I have read that J.R.R. Tolkien’s Lord of the Rings started simply with a hole in the ground.  It was his imagination, his desire that filled the world we would come to know as Middle-Earth.  He is considered the father of High Fantasy, the forerunner of Dungeons and Dragons.  Yet even his story can’t be traced to a singularity.  Clearly his monsters and heroes are rooted in Celtic and Anglo-Saxon traditions.  I think perhaps this is a much more suited introduction than what I had previously planned;
“Elephant beaten with candy and little pops and chews all bolts and reckless reckless rats, this is this.”
I’m sorry but what is this?  This seems like nothing more than sensless babblings, simply words written on the page.  Sure there is a certain beauty, but I fail to find reason here.  Intellect sure, but knowledge without wisdom is like words without logic.  It is simply nothing.
I’m not sure why Picasso’s work is famous or highly sought after.  I should think my nephew equipped with a highlighter is a better artist than he.  He paints nothing, and she writes nothing.  Yet there is a certain beauty in their nothingness.  The truth of the artists talent can be found within their work.  Although I do not see the muse nor the inspiration, I can find the diamond in the rough (Arabian Nights anyone?).
Gertrude writes, “a single image is not splendor.”  I think that this is perhaps the… single most beautiful line of the poem.  But I have a very analytical mind, grounded in logic.  However, I can see the splendors of this world.  Rarely are they a single image, or a single entity.  Our bodies are composed of billions of combinations of elements.  Even in nature these elements, are rarely isolated.  In its pure form, oxygen is found in pairs.  Yet the air we breath is 70% Nitrogen.  An image, a picture they say is worth a thousand words.  A picture is a memory, and memories feed more memories.  Memories and ideals are what connect the world.  The world is connected through these ideas, and rarely are they a singularity.

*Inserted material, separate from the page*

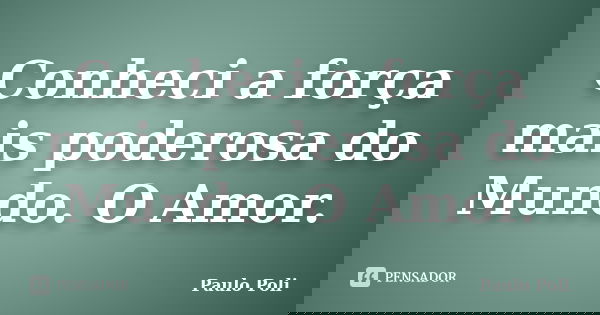 Conheci a força mais poderosa do Mundo. O Amor.... Frase de Paulo poli.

It is through these ideals, these sparks that the world has become connected.  Perhaps the greatest invention of mankind was the internet, the World Wide Web.  As I type this paper my feeble mind barely grasps the concepts of a computer.  Let alone the complexities of the internet.  I often wonder how does the internet work?  I mean I understand the concepts of waves being transmitted at certain frequencies.  But how does it work?  Who figured it out, how did they figure it out?  Where did this spark of intellect come from.  What caused this spark and, “why is this spark brighter.”

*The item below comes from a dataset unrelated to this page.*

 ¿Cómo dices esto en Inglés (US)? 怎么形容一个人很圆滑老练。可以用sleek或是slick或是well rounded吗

There is a certain philosophy interlaced within this text.  Computers and the Internet must be powered.  The spark, the electricity is what makes the machinery.  But “What is this current… What is this current that makes machinery.”  What laws of nature dictates this flow of electrons.  Was Franklin really flying his kite in the perfect storm, or perhaps his key is simply a myth of literature.  We come to the philosophical question, “What is the wind.”  We cannot see it, nor can we hold it.  But we can feel it, we can feel it dancing in the divine.  Just as we can feel the emotions within literature.
“What is Nickel.”  Gertrude asks.  Is it an element on the periodic table?  Or perhaps it represents five cents.  Nevertheless, either definition limits the word.  The defined term constricts the mind like a Bao Constrictor tightening its grip around its prey.  Death is eminent, it is only just before it dies that it realizes its fate is hopeless. 

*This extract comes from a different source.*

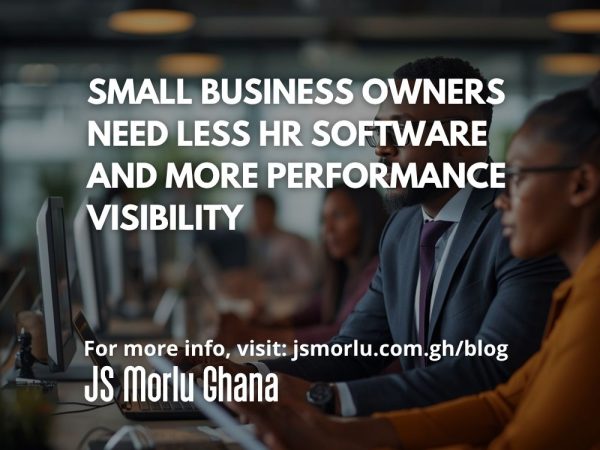 Small Business Owners Need Less HR Software and More Performance Visibility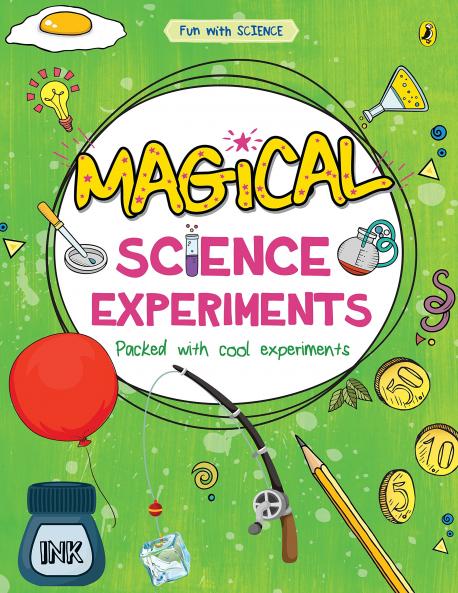 MAGICAL SCIENCE EXPERIMENTS (FUN WITH SCIENCE)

But there is hope…”Hope what is a spectacle.”
It is this specter of hope that drives us on, it is the spark of a new dawn.  It seems that we take each day for granted, no each second for granted. We hope that when our time comes that we are ready, we are prepared to take on “a desperate adventure.”
We hope that god will show us his mercy, for “there is no gratitude in mercy.”  What is God, who is God?  Is he nature or the devine?  Heaven or Earth?  Alas, God cannot be defined, for to do so would to limit him or her… Yahweh, Allah, Buddha, he can be referred to by many names.  But to do so would establish preconceived notions that would limit the limitless.  Each name; each Idol maintains its own set of Doctrines, its own Canon, no its own Literature.  But I digress…  I do not know if I have fully understood what I have just read, but I tried to make sense of it.  I tried to find its inspirations, and I struggled to find the emotions that were imparted on me.  From fragments of this poem I was able to find my own story.